Halla, chapitre 1, michna 4. La michna précédente énumérait des produits qui étaient dispensés du maasser mais soumis à la halla ; notre michna traite du cas exactement inverse. Voici le texte de la michna : "Elou 'hayavin bemaasserot oufetourin min ha'halla" - c'est-à-dire soumis au maasser et au maasser de la teroumah, mais dispensés de l'obligation de halla.
Les espèces qui ne font pas partie des cinq céréales :
La michna commence par énumérer des espèces qui ne sont pas considérées comme des céréales, et comme elles ne font pas partie des cinq céréales, elles ne peuvent pas fermenter. Et comme cela a déjà été expliqué dans le traité, l'obligation de halla ne concerne qu'un aliment susceptible de devenir 'hamets. Les voici :
"Haoreze" - le riz.
"Vehado'han" - le millet.
"Vehaparaguim" - les graines de pavot.
"Vehachoumchemin" - les graines de sésame.
"Vehakitniyot" - les légumineuses.
La mesure de l'obligation :
Après avoir terminé avec les espèces, la michna aborde la mesure : "Oufa'hot me'hamichet revi'im betevouah". Même lorsqu'il s'agit de grain provenant des cinq céréales soumises à la halla, si la quantité de farine est inférieure à cinq revi'im - il n'y a pas d'obligation de halla. Telle est la mesure de la halla, qui équivaut à quarante-trois œufs et un cinquième d'œuf. En deçà, il n'y a pas d'obligation de halla, mais il existe bien entendu une obligation de maasser.
Les pâtes qui ne se présentent pas comme une pâte ordinaire :
"Hasoufganin" - des sortes de pâtisseries dont la texture ressemble à une bouillie liquide et non à une pâte, et qui sont donc dispensées.
"Vehadouvchanin" - une pâte frite dans le miel, ou pétrie avec du miel.
"Vehaiskeritin" - un autre mets à base de bouillie liquide.
"Ve'halat hamasseret" - une pâte épaisse, mais qui est cuite dans l'eau. Et comme elle finit par être cuite dans l'eau, elle n'est pas soumise à la halla.
Le medoumaa :
"Vehamedoumaa" - du grain ou de la farine dans lesquels s'est mélangée de la teroumah. Tous ces cas sont dispensés de la halla.

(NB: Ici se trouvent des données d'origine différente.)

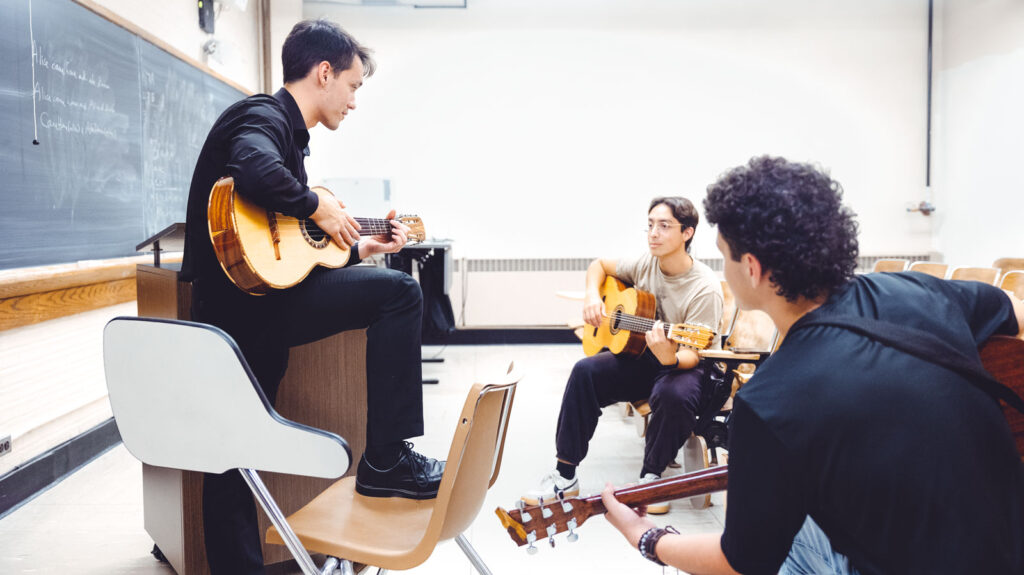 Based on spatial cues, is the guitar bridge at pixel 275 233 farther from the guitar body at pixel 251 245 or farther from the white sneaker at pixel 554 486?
the white sneaker at pixel 554 486

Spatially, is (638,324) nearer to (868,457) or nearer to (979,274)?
(868,457)


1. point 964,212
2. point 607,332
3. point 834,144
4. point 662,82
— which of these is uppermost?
point 662,82

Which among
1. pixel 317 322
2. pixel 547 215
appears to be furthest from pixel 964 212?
pixel 317 322

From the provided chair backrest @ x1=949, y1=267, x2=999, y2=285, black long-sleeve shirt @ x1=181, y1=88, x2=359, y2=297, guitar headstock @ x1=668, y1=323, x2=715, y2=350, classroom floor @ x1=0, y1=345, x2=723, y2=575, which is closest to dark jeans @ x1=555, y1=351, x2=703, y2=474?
guitar headstock @ x1=668, y1=323, x2=715, y2=350

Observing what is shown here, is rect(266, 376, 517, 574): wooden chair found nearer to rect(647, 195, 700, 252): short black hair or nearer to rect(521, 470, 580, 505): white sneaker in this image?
rect(521, 470, 580, 505): white sneaker

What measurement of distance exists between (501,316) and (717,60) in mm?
3424

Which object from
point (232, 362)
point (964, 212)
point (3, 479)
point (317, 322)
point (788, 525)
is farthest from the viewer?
point (964, 212)

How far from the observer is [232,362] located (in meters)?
1.25

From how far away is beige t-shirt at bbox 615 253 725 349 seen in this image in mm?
2945

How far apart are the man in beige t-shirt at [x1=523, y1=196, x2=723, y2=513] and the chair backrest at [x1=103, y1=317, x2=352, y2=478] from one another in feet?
5.13

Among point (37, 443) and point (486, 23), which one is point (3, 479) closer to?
point (37, 443)

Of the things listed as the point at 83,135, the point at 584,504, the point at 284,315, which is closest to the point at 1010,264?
the point at 584,504

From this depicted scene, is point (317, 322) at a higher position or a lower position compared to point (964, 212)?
lower

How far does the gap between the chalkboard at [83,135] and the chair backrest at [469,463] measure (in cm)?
255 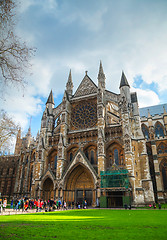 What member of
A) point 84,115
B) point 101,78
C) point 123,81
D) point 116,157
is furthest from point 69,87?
point 116,157

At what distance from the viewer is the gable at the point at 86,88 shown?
111ft

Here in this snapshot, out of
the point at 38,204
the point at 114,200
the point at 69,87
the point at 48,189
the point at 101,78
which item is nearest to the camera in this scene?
the point at 38,204

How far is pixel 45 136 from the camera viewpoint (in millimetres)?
32219

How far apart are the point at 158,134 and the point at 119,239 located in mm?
39190

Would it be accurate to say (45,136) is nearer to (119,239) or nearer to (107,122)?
(107,122)

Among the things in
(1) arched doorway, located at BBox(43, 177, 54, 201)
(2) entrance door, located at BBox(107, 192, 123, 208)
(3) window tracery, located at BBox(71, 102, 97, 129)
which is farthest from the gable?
(2) entrance door, located at BBox(107, 192, 123, 208)

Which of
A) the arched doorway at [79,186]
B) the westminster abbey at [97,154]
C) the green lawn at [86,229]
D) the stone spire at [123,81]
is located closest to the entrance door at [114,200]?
the westminster abbey at [97,154]

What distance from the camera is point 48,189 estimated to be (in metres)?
28.7

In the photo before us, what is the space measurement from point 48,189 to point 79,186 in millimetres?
5156

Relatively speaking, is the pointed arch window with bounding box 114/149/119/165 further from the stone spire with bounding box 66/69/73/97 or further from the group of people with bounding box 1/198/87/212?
the stone spire with bounding box 66/69/73/97

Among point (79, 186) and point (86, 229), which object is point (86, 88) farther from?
point (86, 229)

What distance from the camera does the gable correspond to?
34.0 m

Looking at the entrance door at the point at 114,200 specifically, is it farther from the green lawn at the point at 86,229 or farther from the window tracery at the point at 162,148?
the green lawn at the point at 86,229

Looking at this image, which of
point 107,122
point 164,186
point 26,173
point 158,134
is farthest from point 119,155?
point 26,173
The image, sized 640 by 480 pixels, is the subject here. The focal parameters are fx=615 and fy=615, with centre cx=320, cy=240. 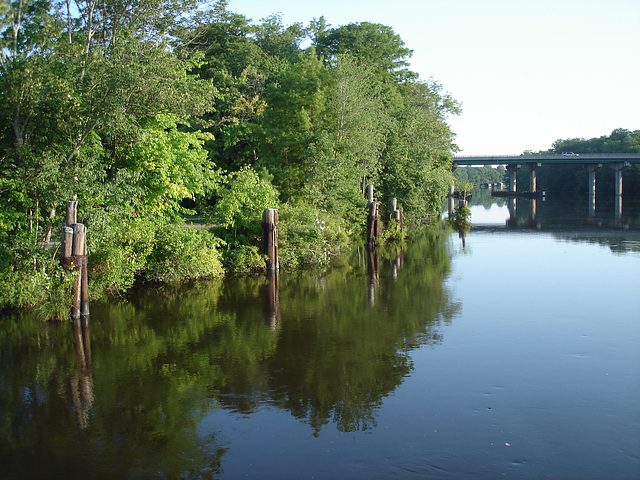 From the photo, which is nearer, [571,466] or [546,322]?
[571,466]

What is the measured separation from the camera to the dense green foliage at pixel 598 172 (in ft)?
345

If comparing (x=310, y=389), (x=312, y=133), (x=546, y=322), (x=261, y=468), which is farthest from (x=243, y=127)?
(x=261, y=468)

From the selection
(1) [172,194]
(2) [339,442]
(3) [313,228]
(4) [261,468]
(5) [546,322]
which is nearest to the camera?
(4) [261,468]

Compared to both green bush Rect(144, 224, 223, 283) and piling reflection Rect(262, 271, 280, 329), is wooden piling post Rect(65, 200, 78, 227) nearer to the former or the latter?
green bush Rect(144, 224, 223, 283)

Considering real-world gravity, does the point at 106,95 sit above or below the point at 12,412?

Il convient de relever un point intéressant : dans le medoumaa il y a une majorité de 'houlin, et en toute logique la teroumah aurait dû s'annuler selon la Torah dans la majorité, et c'est seulement selon les Sages qu'une mesure d'un pour cent est requise pour l'annuler.

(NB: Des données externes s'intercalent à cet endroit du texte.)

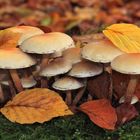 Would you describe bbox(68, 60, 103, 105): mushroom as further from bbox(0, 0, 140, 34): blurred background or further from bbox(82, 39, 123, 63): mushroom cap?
bbox(0, 0, 140, 34): blurred background

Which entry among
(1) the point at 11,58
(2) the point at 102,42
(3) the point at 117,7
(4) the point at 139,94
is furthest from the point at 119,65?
Answer: (3) the point at 117,7

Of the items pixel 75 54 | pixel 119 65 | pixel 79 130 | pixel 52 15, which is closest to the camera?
pixel 119 65

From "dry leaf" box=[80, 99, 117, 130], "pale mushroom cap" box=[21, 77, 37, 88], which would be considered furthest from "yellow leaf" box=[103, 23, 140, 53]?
"pale mushroom cap" box=[21, 77, 37, 88]

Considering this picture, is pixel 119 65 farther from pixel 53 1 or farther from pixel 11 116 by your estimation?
pixel 53 1

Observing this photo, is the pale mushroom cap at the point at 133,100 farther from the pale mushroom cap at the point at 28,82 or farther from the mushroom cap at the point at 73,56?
the pale mushroom cap at the point at 28,82

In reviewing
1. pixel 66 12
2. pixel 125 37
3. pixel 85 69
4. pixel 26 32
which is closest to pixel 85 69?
pixel 85 69

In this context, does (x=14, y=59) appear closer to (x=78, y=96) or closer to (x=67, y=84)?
Result: (x=67, y=84) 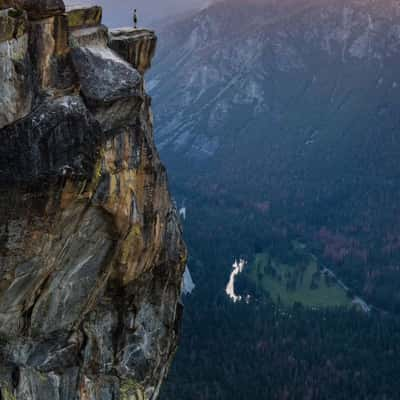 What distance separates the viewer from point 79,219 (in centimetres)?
2583

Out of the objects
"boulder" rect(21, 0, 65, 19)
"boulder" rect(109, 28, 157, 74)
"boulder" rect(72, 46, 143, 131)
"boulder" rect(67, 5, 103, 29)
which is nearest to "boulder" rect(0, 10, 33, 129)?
"boulder" rect(21, 0, 65, 19)

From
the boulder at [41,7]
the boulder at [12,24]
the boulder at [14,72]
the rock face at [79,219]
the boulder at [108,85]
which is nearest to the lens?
the boulder at [12,24]

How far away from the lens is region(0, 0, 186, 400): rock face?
22578mm

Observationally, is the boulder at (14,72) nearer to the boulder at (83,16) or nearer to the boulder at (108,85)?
the boulder at (108,85)

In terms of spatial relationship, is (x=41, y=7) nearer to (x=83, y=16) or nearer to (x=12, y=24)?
(x=12, y=24)

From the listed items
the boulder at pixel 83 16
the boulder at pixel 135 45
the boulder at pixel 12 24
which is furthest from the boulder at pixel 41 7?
the boulder at pixel 135 45

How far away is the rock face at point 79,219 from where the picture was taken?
22578 mm

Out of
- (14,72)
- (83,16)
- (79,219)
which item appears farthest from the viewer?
(83,16)

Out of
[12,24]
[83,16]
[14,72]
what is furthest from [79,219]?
[83,16]

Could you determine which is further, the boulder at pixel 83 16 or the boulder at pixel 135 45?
the boulder at pixel 135 45

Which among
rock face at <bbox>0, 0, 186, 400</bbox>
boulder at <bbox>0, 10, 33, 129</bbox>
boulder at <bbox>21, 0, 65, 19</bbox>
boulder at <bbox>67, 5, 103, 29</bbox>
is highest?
boulder at <bbox>21, 0, 65, 19</bbox>

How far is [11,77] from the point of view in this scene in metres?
21.7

C'est pourquoi certains commentateurs expliquent que ce cas doit nécessairement traiter précisément de la halla à notre époque, dont l'obligation est d'ordre rabbinique. Car selon la Torah, il n'y a ici pas de véritable medoumaa, et la pâte aurait dû être soumise à la halla. Mais puisque de toute façon nous traitons d'une halla rabbinique, on peut dire que, du moment que les Sages ont établi que la teroumah ne s'annule pas dans ces circonstances - la pâte n'est plus considérée comme soumise à la halla.

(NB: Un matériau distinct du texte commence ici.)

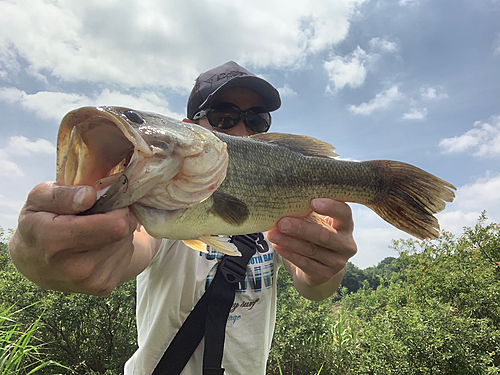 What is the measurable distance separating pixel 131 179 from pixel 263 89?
7.47 feet

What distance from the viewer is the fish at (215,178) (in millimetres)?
1224

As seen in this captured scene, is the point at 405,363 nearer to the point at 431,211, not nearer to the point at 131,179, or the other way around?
the point at 431,211

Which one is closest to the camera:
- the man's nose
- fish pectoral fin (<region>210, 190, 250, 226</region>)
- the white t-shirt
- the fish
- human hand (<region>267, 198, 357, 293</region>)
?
the fish

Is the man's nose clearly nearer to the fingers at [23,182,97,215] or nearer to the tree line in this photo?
the fingers at [23,182,97,215]

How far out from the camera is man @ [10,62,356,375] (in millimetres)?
1146

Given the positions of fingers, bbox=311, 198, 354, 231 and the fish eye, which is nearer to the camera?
the fish eye

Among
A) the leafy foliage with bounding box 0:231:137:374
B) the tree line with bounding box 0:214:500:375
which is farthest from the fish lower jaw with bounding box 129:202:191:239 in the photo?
the leafy foliage with bounding box 0:231:137:374

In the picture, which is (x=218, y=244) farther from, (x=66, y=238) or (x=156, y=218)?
(x=66, y=238)

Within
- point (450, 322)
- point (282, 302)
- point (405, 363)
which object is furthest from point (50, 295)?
point (450, 322)

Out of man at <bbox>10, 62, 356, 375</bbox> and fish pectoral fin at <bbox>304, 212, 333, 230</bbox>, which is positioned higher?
fish pectoral fin at <bbox>304, 212, 333, 230</bbox>

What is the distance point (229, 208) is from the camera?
5.59ft

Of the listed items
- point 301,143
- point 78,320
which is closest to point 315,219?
point 301,143

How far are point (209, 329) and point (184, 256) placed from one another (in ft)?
1.93

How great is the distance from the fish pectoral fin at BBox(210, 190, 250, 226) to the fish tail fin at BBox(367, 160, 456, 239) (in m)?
1.06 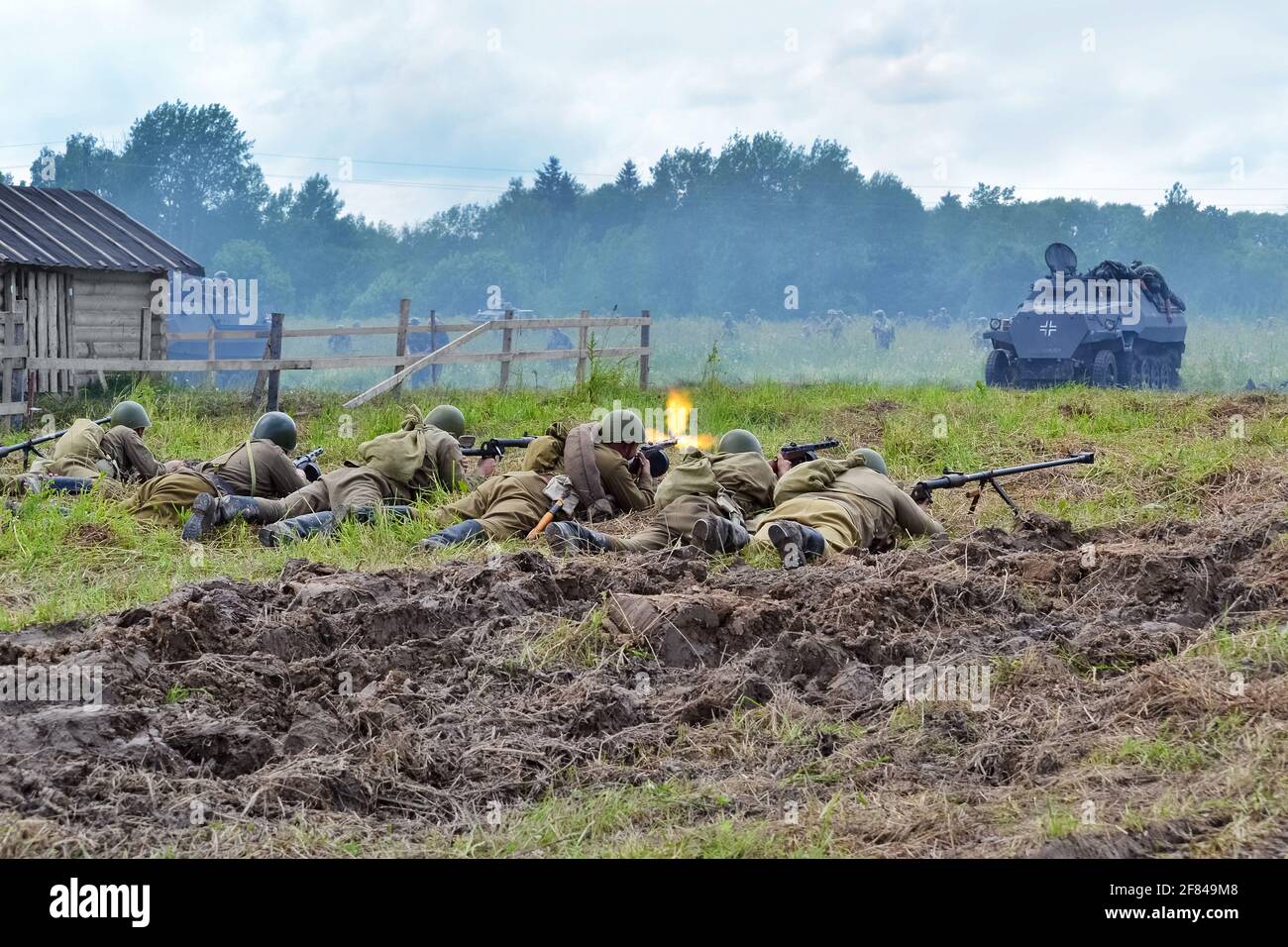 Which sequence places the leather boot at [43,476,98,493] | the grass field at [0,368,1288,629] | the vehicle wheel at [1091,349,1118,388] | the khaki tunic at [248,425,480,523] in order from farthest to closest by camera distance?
the vehicle wheel at [1091,349,1118,388], the leather boot at [43,476,98,493], the khaki tunic at [248,425,480,523], the grass field at [0,368,1288,629]

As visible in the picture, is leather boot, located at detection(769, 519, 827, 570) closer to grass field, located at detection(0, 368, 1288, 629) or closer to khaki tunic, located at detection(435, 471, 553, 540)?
khaki tunic, located at detection(435, 471, 553, 540)

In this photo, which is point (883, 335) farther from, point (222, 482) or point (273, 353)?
point (222, 482)

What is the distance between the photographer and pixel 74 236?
18.1 meters

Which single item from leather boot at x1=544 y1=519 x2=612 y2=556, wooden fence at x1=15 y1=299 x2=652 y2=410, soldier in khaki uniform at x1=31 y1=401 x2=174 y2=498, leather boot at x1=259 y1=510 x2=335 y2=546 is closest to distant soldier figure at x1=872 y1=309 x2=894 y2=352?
Result: wooden fence at x1=15 y1=299 x2=652 y2=410

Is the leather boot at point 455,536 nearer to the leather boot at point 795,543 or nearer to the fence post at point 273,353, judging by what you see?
the leather boot at point 795,543

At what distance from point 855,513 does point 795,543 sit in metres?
0.83

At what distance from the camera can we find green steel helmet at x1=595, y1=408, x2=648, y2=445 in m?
9.37

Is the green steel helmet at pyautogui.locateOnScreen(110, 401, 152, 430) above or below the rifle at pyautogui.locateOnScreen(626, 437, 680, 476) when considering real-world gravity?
above

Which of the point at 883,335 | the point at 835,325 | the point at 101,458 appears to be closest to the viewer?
the point at 101,458

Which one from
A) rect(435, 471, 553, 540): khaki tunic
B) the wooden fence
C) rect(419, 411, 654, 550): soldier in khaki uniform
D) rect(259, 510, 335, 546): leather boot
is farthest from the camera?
the wooden fence

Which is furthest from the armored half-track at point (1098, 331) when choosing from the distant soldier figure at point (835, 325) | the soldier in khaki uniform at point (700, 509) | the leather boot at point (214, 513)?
the distant soldier figure at point (835, 325)

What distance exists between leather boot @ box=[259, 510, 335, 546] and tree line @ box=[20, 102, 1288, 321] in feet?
140

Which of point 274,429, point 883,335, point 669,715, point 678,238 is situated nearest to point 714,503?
point 669,715

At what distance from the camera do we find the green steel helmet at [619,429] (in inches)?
369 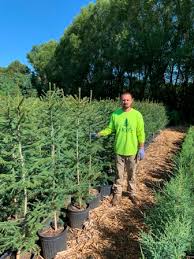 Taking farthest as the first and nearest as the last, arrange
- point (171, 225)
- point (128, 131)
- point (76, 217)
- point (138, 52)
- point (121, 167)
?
point (138, 52), point (121, 167), point (128, 131), point (76, 217), point (171, 225)

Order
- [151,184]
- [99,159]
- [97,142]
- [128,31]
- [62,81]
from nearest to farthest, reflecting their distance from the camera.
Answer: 1. [97,142]
2. [99,159]
3. [151,184]
4. [128,31]
5. [62,81]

En résumé : cette michna énumère les cas dispensés de la halla et soumis au maasser : les espèces qui ne font pas partie des cinq céréales et qui ne peuvent pas fermenter (riz, millet, pavot, sésame et légumineuses), une pâte qui n'atteint pas la mesure de cinq revi'im, les pâtes qui ne se présentent pas comme une pâte ordinaire (soufganin, douvchanin, iskeritin et 'halat hamasseret), et le medoumaa - dont la dispense a été expliquée à partir de l'obligation rabbinique de halla à notre époque.